The output should consist solely of the line containing "Modern Large Wall" and all lines after it through the final line of the entries below, reproduced exactly.

************

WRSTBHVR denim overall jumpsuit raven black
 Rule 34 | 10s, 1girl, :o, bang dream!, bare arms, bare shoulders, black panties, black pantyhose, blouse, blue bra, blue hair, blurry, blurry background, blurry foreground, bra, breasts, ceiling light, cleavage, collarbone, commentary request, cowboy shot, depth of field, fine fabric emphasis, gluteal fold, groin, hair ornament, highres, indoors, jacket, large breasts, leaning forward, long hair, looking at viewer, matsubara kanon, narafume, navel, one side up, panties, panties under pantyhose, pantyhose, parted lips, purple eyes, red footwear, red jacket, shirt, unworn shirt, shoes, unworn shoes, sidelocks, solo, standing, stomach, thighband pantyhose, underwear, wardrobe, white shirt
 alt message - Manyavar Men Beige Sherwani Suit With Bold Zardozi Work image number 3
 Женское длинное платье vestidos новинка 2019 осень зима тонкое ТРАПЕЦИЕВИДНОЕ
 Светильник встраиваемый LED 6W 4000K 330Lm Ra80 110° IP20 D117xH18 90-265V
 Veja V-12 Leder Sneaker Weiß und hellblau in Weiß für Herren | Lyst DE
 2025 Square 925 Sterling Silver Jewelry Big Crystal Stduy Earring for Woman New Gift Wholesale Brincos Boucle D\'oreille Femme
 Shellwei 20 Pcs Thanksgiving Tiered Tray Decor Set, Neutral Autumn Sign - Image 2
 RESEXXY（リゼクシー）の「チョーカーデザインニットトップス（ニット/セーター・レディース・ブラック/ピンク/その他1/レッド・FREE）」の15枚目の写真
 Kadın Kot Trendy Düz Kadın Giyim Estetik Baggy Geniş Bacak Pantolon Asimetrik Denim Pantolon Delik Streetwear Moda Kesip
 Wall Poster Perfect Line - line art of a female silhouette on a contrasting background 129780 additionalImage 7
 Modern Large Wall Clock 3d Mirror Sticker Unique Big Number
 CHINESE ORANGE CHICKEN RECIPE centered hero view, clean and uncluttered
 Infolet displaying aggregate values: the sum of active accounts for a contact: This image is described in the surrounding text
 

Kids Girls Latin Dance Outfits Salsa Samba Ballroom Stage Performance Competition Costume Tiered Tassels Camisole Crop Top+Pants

************

● **RESPONSE TO THIS EXERCISE**
 Modern Large Wall Clock 3d Mirror Sticker Unique Big Number
 CHINESE ORANGE CHICKEN RECIPE centered hero view, clean and uncluttered
 Infolet displaying aggregate values: the sum of active accounts for a contact: This image is described in the surrounding text
 

Kids Girls Latin Dance Outfits Salsa Samba Ballroom Stage Performance Competition Costume Tiered Tassels Camisole Crop Top+Pants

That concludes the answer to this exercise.